I stride out of the medbay corridor and the ship meets me with noise: comm pings, footsteps, orders barked low and fast. My crews are moving like a machine that’s been kicked into higher gear. Down the hall, I hear Morazin screaming again—muffled through containment bay doors, raw and furious.
Good.
Let him waste air.
Renn falls into step beside me, compad in hand, eyes sharp. “Boss. Gur’s holding.”
“Because Fyr’s scared enough to be useful,” I reply.
Renn’s mouth tightens. “He’s doing more than holding. He’s enforcing. Arrests, not executions. Civilians are noticing.”
That matters.
Legitimacy is a fragile thing. It’s built out of small choices that look boring until they aren’t.

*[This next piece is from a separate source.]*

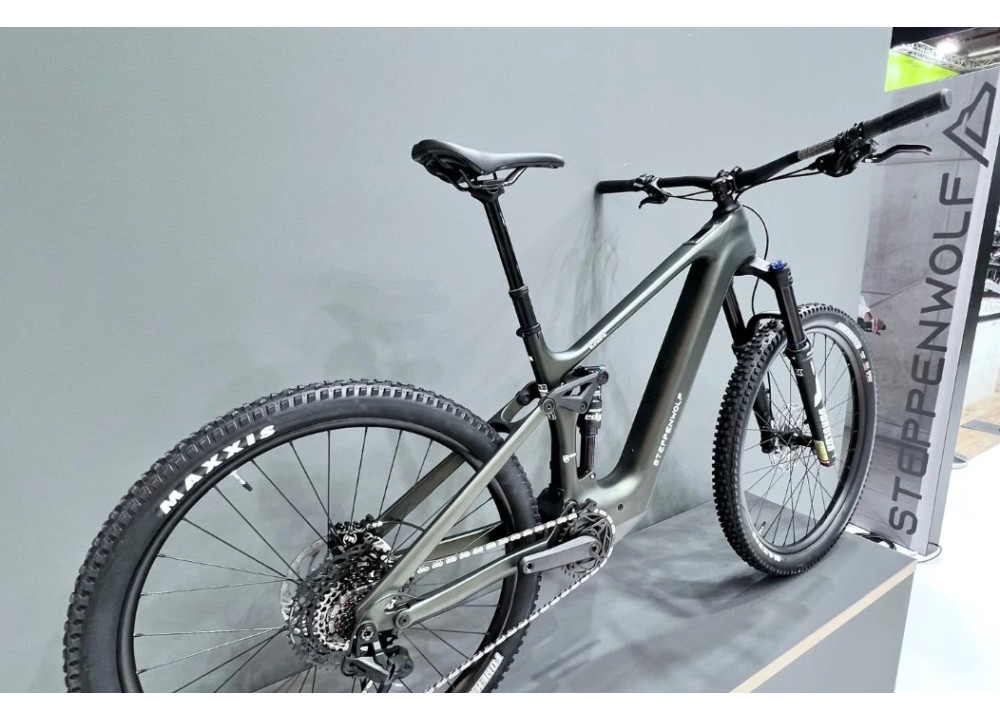 Bicicleta Steppenwolf Tundra 9.0 con motor Avinox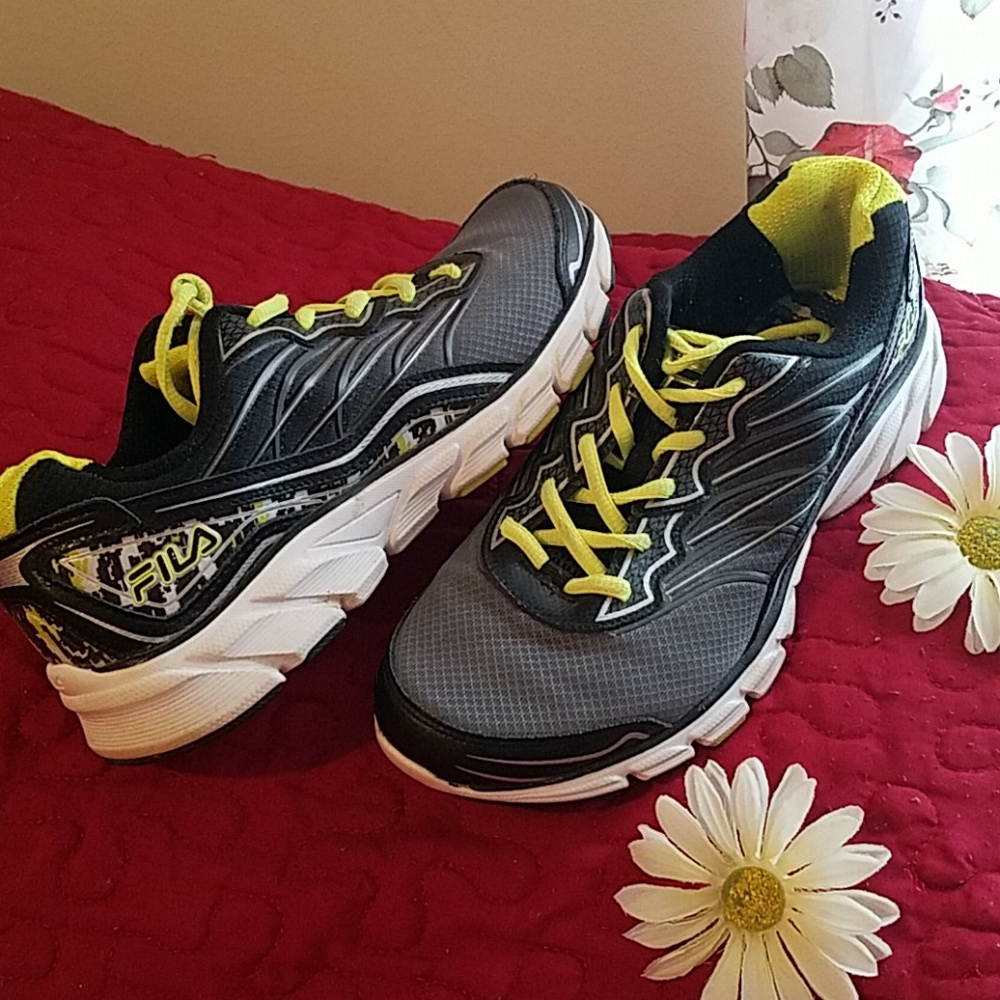 Fila Running Shoes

I keep walking toward the bridge. “Any civilian collateral reports?”
Renn shakes his head. “Minimal. Your penalties are working.”
“Good,” I say. “Fear makes idiots. Penalties make structure.”
We pass two guards outside containment bay three. Their hands are on their weapons, eyes hard, posture rigid. Inside, Morazin’s voice punches the air like he thinks volume equals authority.
“—YOU THINK YOU CAN HOLD ME—!”
I don’t stop. I don’t give him the satisfaction. But I do glance at the door panel, watching the biometric locks scroll green status.
Renn murmurs, “He offered bribes.”
“Of course,” I say. “He thinks money is a skeleton key.”
“He also keeps saying he’ll be martyred,” Renn adds.
I snort. “Martyrs don’t usually beg to be alive.”
We hit the bridge.
The forward viewport is a slab of black scattered with stars. Terranus V is behind us now, shrinking into a bruise in the distance. The ship’s interior lights are dimmed—combat posture still. Tactical overlays float above stations like ghosts.
Jessa is at boarding control, helmet off, hair damp with sweat, eyes bright. Mira’s fingers are still moving, refining signal intercepts. A procurement runner is arguing quietly with a logistics chief about resupply vectors. It smells like adrenaline and hot metal.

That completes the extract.